**Your assignment**.
Set down the full listing below word for word; pictures stay out of the copy.

**The data**.
☆ ☆ ☆ ☆
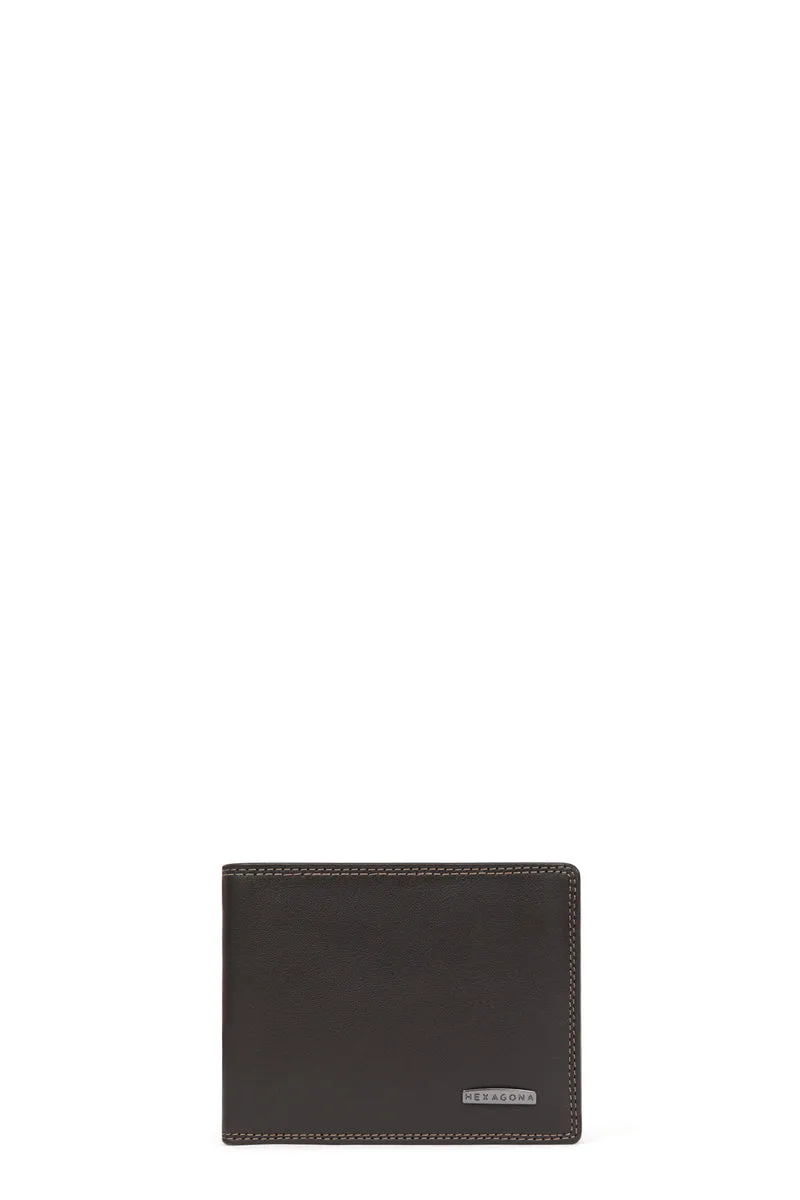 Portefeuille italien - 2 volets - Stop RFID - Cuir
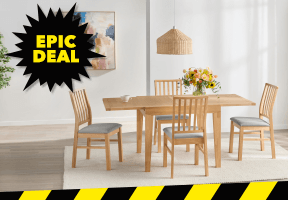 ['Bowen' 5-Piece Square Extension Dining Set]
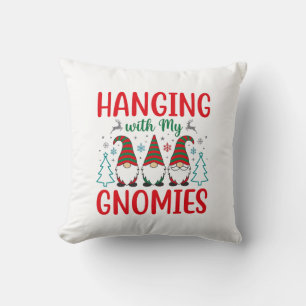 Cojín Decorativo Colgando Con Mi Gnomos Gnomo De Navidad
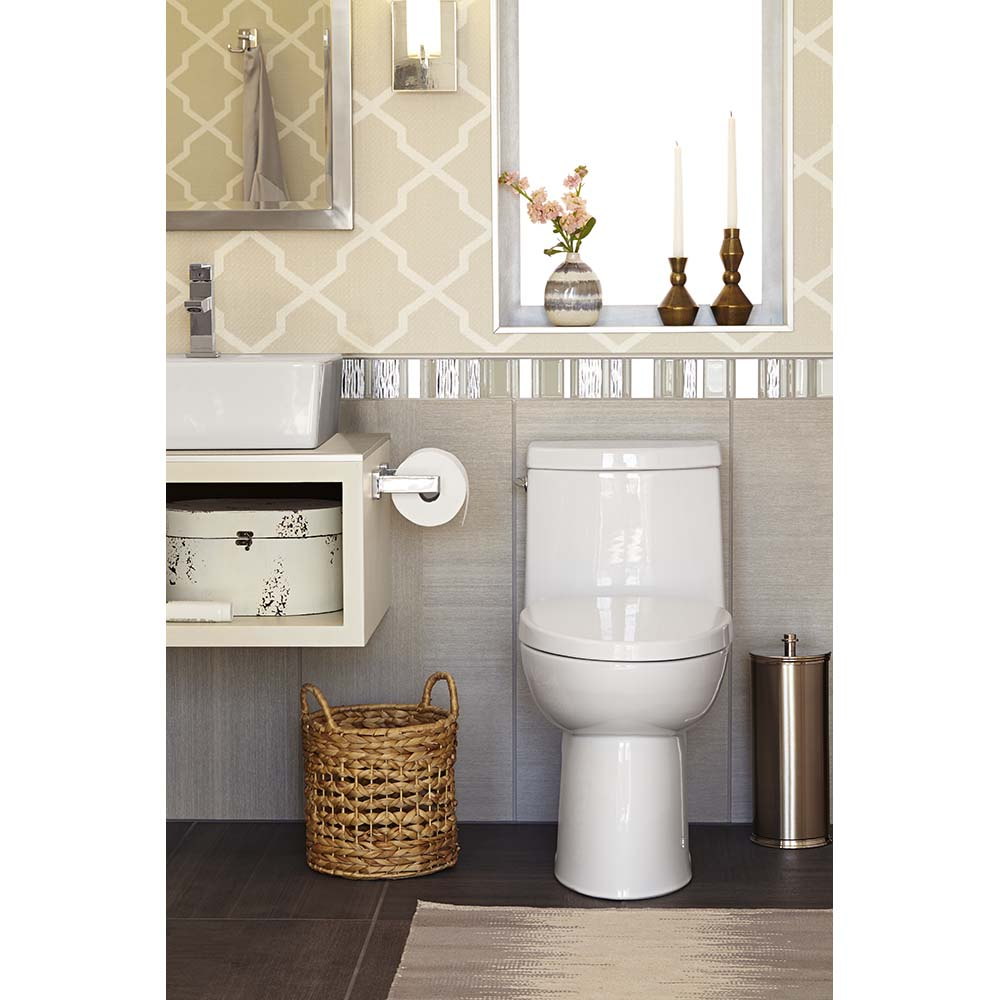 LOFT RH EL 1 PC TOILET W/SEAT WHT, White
☆ ☆ ☆ ☆
**Solution to this problem**.
 Portefeuille italien - 2 volets - Stop RFID - Cuir
 ['Bowen' 5-Piece Square Extension Dining Set]
 Cojín Decorativo Colgando Con Mi Gnomos Gnomo De Navidad
 LOFT RH EL 1 PC TOILET W/SEAT WHT, White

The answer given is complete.